Cubicle shown with lower opacity for emphasis on the computer.
And add the outlines for the foot of the monitor, keyboard and mouse. Making sure it all fits on the desk surface… (if it doesn’t fit and you don’t want to make your computer any smaller, then adjust the size of your desk.)
And then you know the drill: fill with color, highlight and shade, soften some outlines here and there.
Draw, color and shade a mug.
Draw a rectangle or um… folder/envelope. It’s too simple but in context it’ll make sense.
Make two copies of your cubicle and add these new elements. Computers for all of them but the mug just for one or two of them and the envelope thing for another, to make them different.
And to further make them different, add the chairs, using any from your roster of different chair colors and positions!
Now if you want you can merge and place together… just remember to keep copies of your original layers for any use down the road.
I added an extra wall for the first cubicle here. With that, the cubicles are done.
Now let’s make a pair of sofas.
We can use the same height for the seat of the chair.
But we’ll make the sofa’s seat wider and deeper.
And add a ‘C’ around the seat which we will raise to become the arms and back of the sofa.
Here are the bottom volumes for the sofa, reaching almost down to the floor.
And here are the arms and back.
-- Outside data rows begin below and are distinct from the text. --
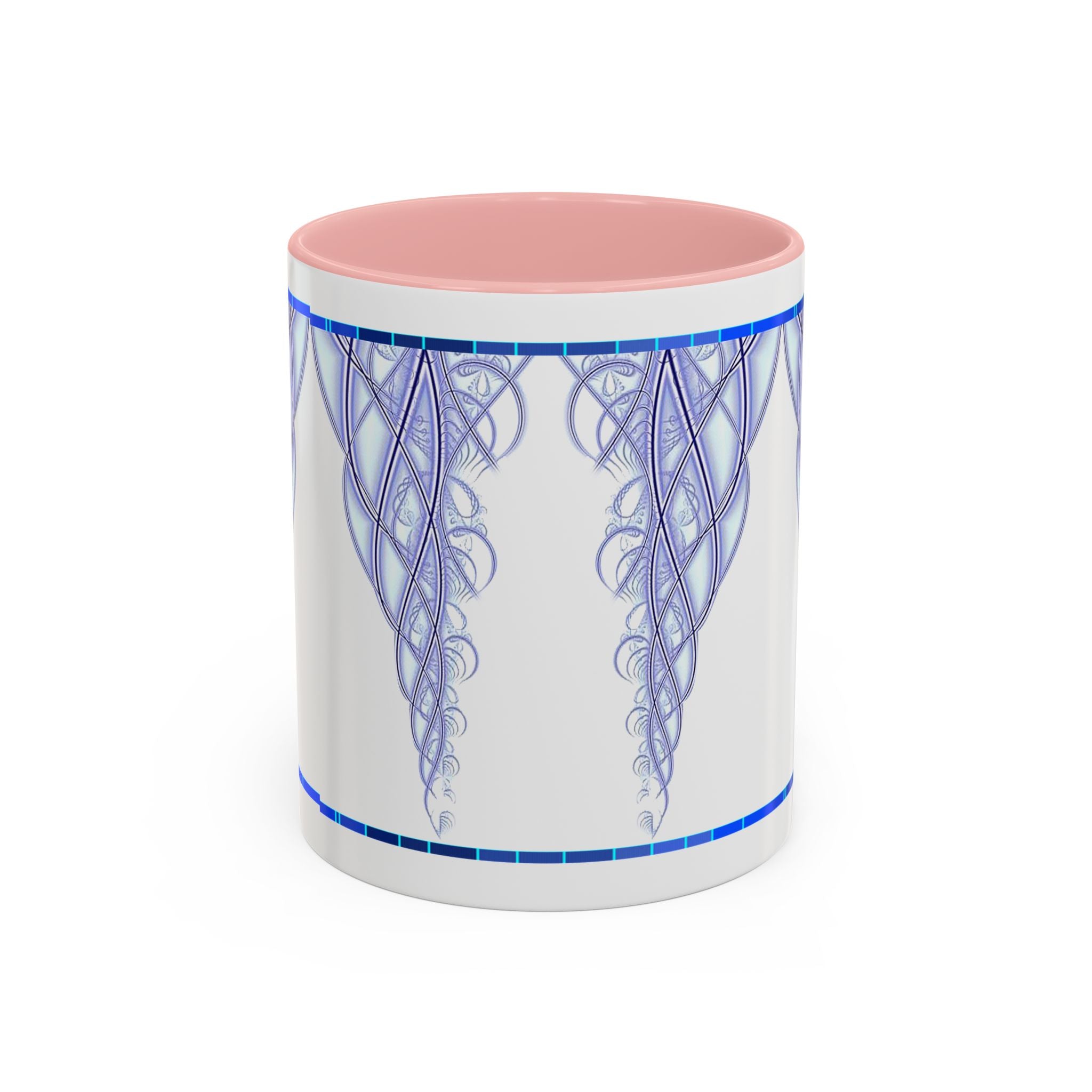 Blue Celtic Knot Accent Coffee Mug – Elegant Swirl Design (11/15oz)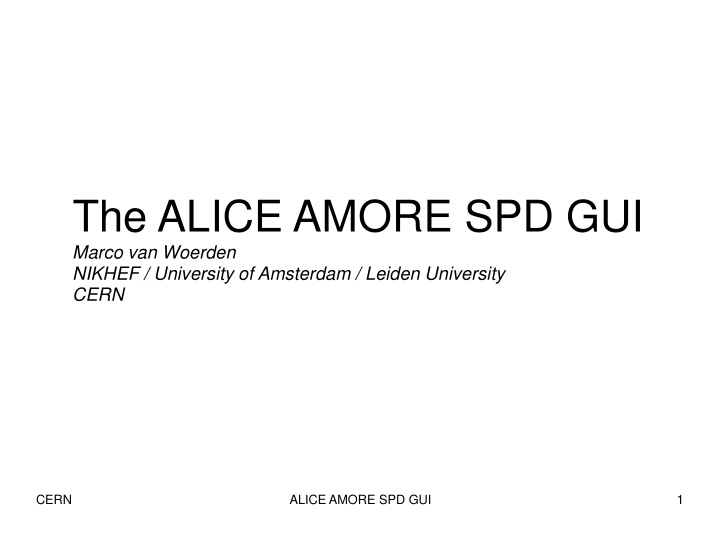 the alice amore spd gui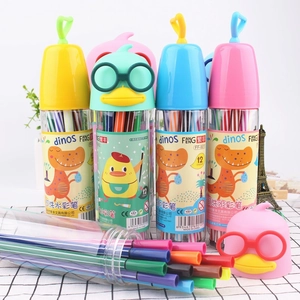 Washable 12-color watercolor pen set with creative cartoon dinosaur caps for children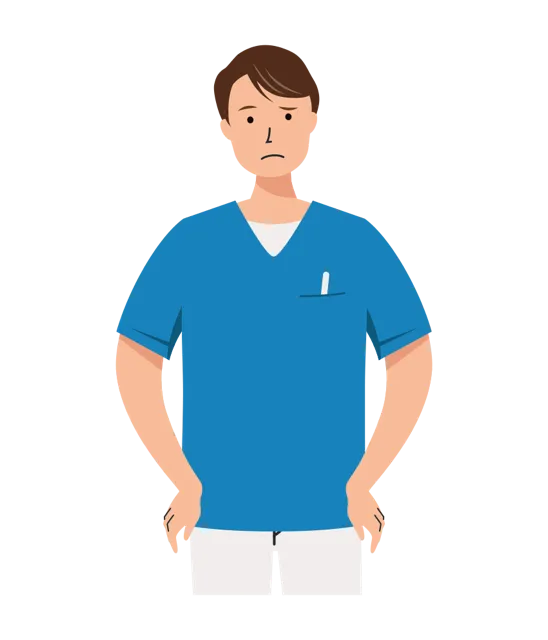 看護師 イラスト（男性・上半身）| 無料・商用利用可 | NUMUBC020-01-C | 無料素材ペペロ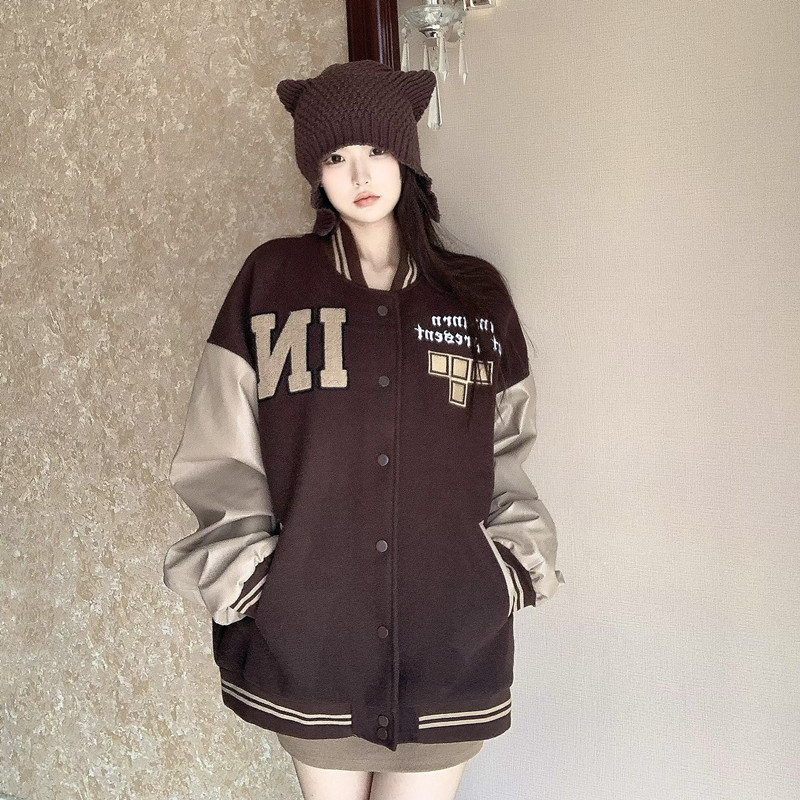 INXINRN圆领秋宽松毛巾绣棒球服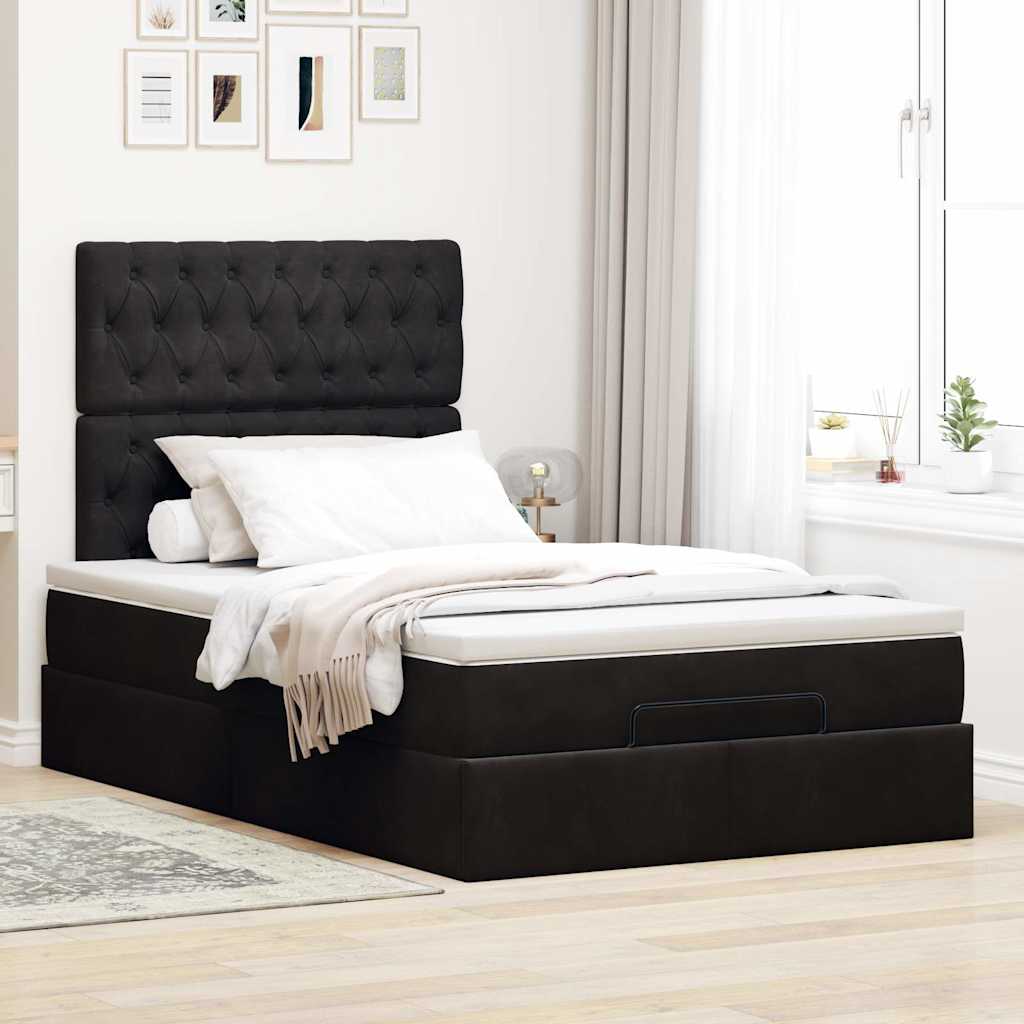 Ottoman Bed with Mattresses & LEDs Black King Single Velvet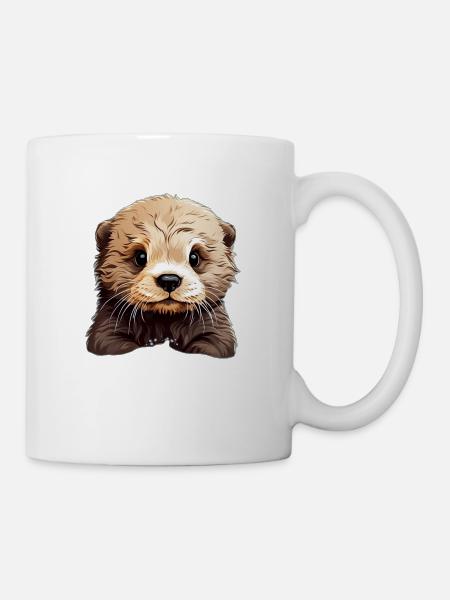 Otter Süß Witziges Tierfreund Geschenk - Tasse - Weiß
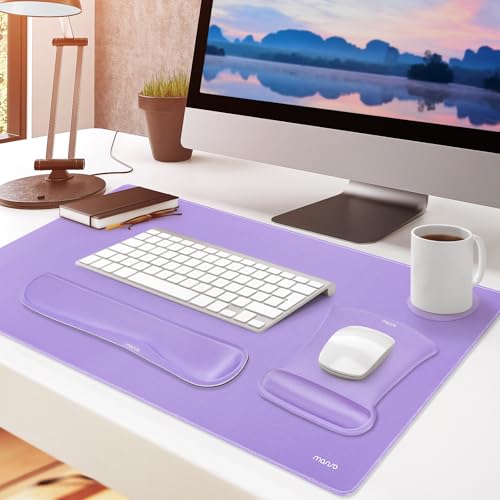 MOSISO Mauspad Set,Großes Gaming Pad&Tastatur Handballenauflage&Maus Handgelenkstütze&Untersetzer,Ergonomisch Rutschfest Mauspad&Easy Typing Kissen mit Memory Schaum für Zuhause Büro, Lila Bild 2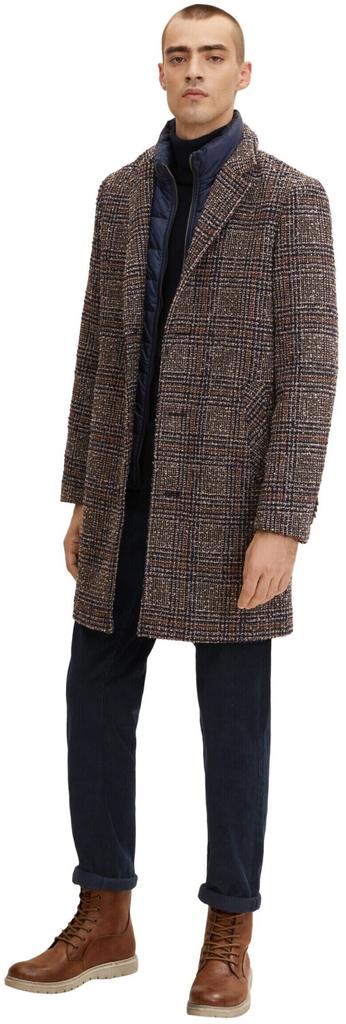 Coat Tom Tailor Wool Coat with Thick Lining (1032505-30506) Blue Brown Boucle Wool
Done by selecting the outer edges of the ‘C’ and nudging them up some 6 px (adjust height to your liking) and completing the line work.
We’ll flip that sofa and make another version that will seat three people. So again, with little extra effort we get more than one piece of furniture.
For the new version we’ll cut the front most arm for now.
Duplicate the seat width a couple of times, and then paste and place the arm that was cut. Connect lines appropriately.
Add color. Going quite neutral because the scene already has vibrant colors.
Add highlights to the peak corners and remove the outlines under the highlights.
Replace the bottom lines with shadows and finish any shading / line coloring missing.
The last piece of furniture we’ll work on will be a bookshelf. We’ll start with a rectangle for one of the rows.
And encase that in a box shape.
Pattern and color in the same way as the desks in the cubicles.
And then duplicate and place it over itself three times, more or less. Clean up any breaks between the copies.
Also, you may add extra height to the base (below the bottom shelf.)
Here (in a new layer) is basically what one row of books will look like.
And if you copy that row for the rest of the shelves and change the colors around you get a nice variety of books. Which if you were up for some extra work could look even more varied, like if you add more colors, change the width to some of the books, removed some of the books to leave a bit of the shelf exposed, etc.
And here’s the bookshelf after adjusting the contrast to all of those lines (using darker shades of the colors the books have) …in this case, it’s pretty clear what a difference doing that makes, going from the eye-straining dozens of black lines inside the shelves to neater, less-busy, groups of books.
And with that we’re done creating pieces of furniture.
All we gotta do now is place the elements in the room, which is easy, fun and up to your liking.
If you’re surprised by that floor lamp that came out of nowhere, then please refer to the bedroom tutorial where you’ll find how to make it, plus how to make a laptop and some wall art, elements which totally could also work fine in this office scene.
Great job! now your character can go to work everyday for the rest of its short life :)
Try to keep all your new assets easily accessible so you can pop them into any more scenes you do. Isometric pixel art might not be easily scalable but if you stay on the same scale then it’s highly recyclable, which is fun.